BEGIN INFORMATION SUPPLIED

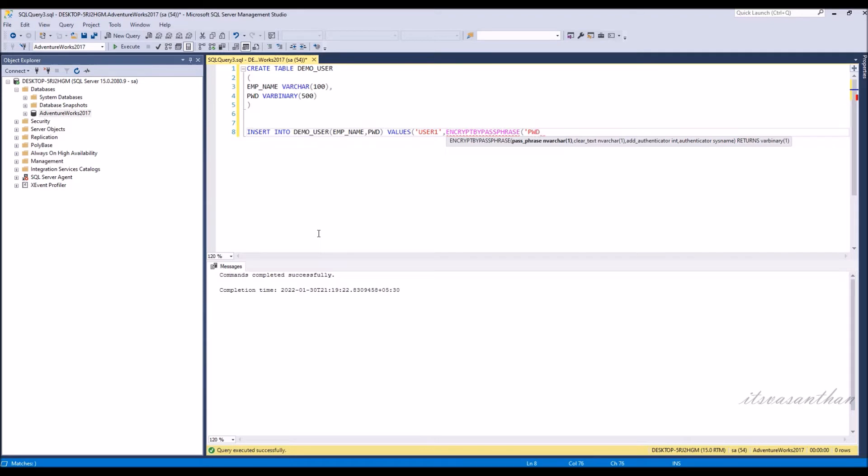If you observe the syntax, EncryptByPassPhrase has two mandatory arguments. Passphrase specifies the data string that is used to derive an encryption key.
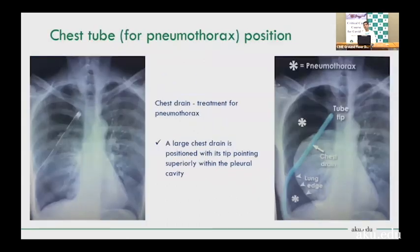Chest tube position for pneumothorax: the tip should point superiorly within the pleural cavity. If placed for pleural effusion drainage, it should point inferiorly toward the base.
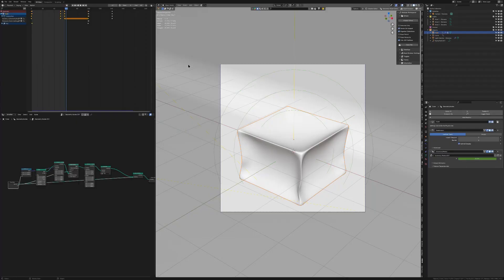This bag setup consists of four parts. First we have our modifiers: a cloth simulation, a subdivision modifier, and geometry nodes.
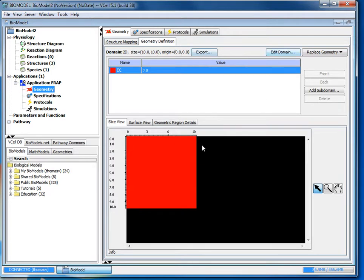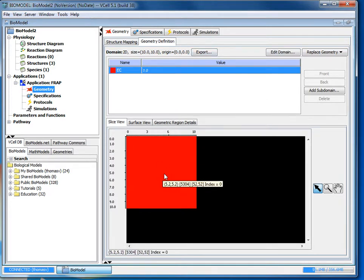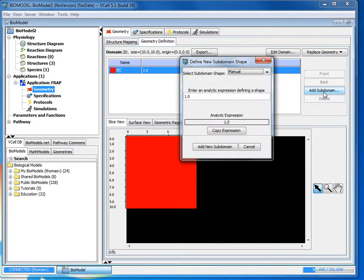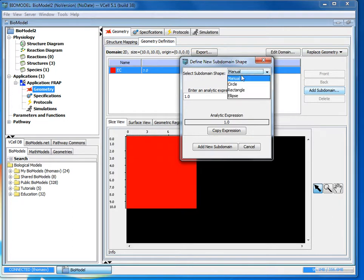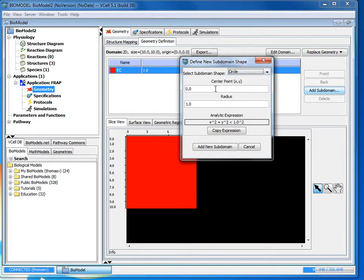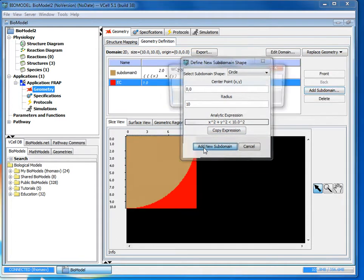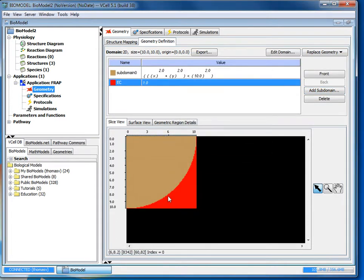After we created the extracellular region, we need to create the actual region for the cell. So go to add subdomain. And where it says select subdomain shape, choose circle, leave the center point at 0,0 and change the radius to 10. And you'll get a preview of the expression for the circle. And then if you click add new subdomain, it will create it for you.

END INFORMATION SUPPLIED

Print all the material above verbatim and omit its pictures.

If you observe the syntax, EncryptByPassPhrase has two mandatory arguments. Passphrase specifies the data string that is used to derive an encryption key.
Chest tube position for pneumothorax: the tip should point superiorly within the pleural cavity. If placed for pleural effusion drainage, it should point inferiorly toward the base.
This bag setup consists of four parts. First we have our modifiers: a cloth simulation, a subdivision modifier, and geometry nodes.
After we created the extracellular region, we need to create the actual region for the cell. So go to add subdomain. And where it says select subdomain shape, choose circle, leave the center point at 0,0 and change the radius to 10. And you'll get a preview of the expression for the circle. And then if you click add new subdomain, it will create it for you.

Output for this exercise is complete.